The Arkansas Gazette reported that it was not uncommon to see several hundred planes flying in formation over the field. Planes from training schools in adjoining states sometimes joined them. With the sudden end of World War I in November 1918, the future operational status of Eberts Field was unknown. Many local officials speculated that the U.S. government would keep the field open because of the outstanding combat record established by Eberts-trained pilots in Europe. Cadets in flight training on 11 November 1918 were allowed to complete their training, however no new cadets were assigned to the base. Also the separate training squadrons were consolidated into a single Flying School detachment, as many of the personnel assigned were being demobilized.

The first newspaper in Arkansas to be delivered by plane was the Arkansas Gazette. On June 18, 1919, Lieutenant C. E. Johnson of Eberts Field delivered 300 papers to Lonoke in his plane to demonstrate the possibilities of aviation. However, World War I ended before the first class of flight cadets graduated.

On November 21, 1919, an army flying team called the Flying Carnival visited Eberts Field for stunt flying exhibitions. A crowd of more than 3,000 viewed one exhibition from the banks of the Arkansas River at Little Rock (Pulaski County), where the fliers in their open-cockpit flying machines appeared out of the skies at 3,000 feet to swoop under the Main Street Bridge spanning the river. The next day, about 2,000 boarded trains from Little Rock to see the daring fliers perform at Eberts Field.
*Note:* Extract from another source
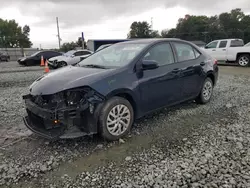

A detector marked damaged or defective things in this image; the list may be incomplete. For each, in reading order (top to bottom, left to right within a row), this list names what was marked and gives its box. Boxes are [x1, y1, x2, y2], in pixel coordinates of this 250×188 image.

damaged front bumper [21, 89, 103, 140]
The airfield was closed at the end of November 1919, and a small caretaker unit was assigned to the facility for administrative reasons. The War Department had ordered the small caretaker force at Eberts Field to dismantle all remaining structures and to sell them as surplus. The last Army personnel departed by the end of the year. Between the wars, the airfield was used as Lonoke Municipal Airport.

===World War II===
Eberts Field was reopened by the United States Army Air Forces in 1942 as a contract glider training airfield. Training provided by Kenneth Starnes Flying Service. Used primarily C-47 Skytrains and Waco CG-4 unpowered Gliders. The mission of the school was to train glider pilot students in proficiency in operation of gliders in various types of towed and soaring flight, both day and night, and in servicing of gliders in the field.
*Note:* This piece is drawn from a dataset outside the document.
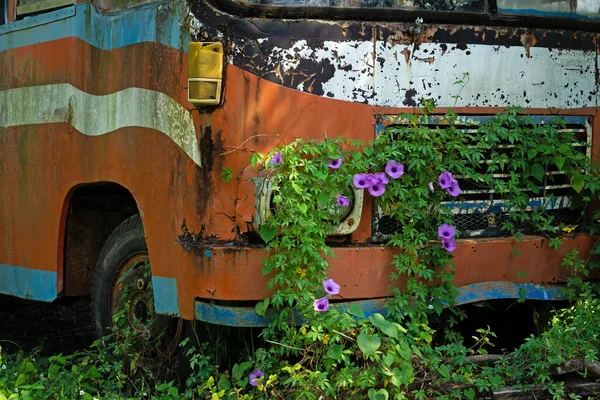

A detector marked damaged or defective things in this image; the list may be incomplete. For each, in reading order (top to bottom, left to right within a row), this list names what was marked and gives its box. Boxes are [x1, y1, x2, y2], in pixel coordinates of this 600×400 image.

peeling white paint patch [0, 83, 203, 166]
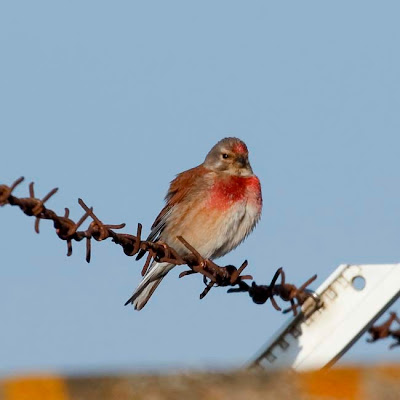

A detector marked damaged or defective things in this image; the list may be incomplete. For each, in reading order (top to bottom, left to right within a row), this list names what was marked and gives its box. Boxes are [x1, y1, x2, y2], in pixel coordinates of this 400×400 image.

rusty barbed wire [0, 177, 318, 314]
rusty barbed wire [366, 310, 400, 348]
Closed in 1943 and turned over to the Army Corps of Engineers. Eventually discharged to private ownership though the War Assets Administration (WAA).

===Current uses===
Today, most of the airfield is flooded, being used in aquaculture as a shrimp farm. A row of at least a dozen concrete hangar foundations still exist. During Arkansas's Sesquicentennial Celebration, the Lonoke County Arkansas Sesquicentennial Committee placed a marker with a brief history of where Eberts Field had been, located on the west side of Arkansas Highway 89, south of Interstate 40.
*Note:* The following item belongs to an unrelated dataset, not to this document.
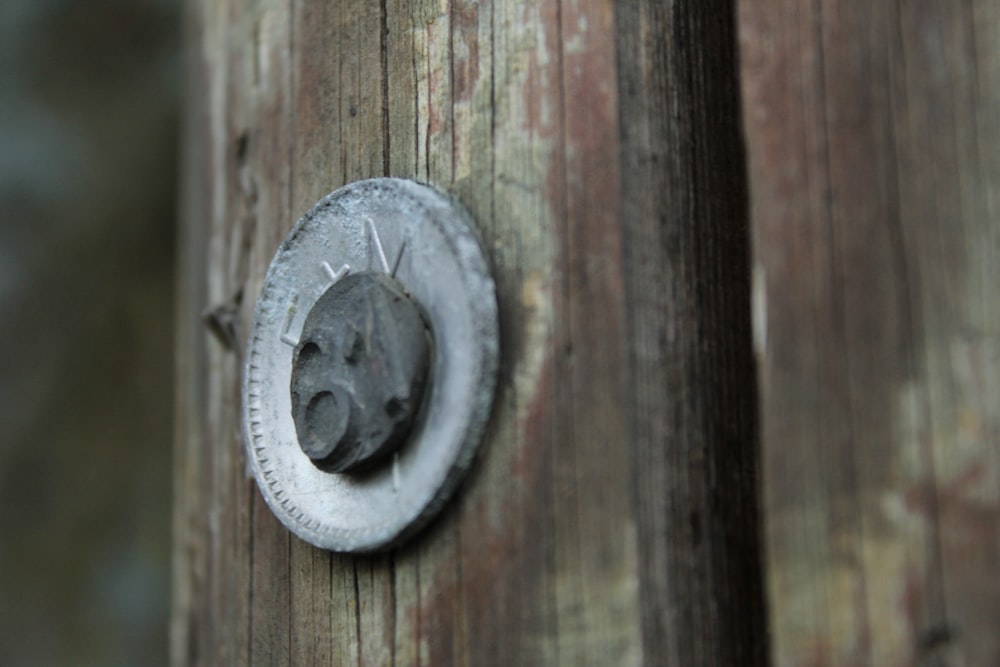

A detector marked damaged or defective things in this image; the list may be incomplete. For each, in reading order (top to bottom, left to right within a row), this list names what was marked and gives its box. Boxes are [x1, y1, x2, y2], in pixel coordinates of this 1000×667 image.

There was once a 20-foot mound of dirt at the northeast end of the field. This was once the target for many thousands of rounds of machine gun bullets. Here, the fledgling aviators learned some of the fundamentals of operating a machine gun while flying an airplane.

The lobby of Little Rock's Aerospace Education Center houses a Flying Jenny that was flown at Eberts Field in that period.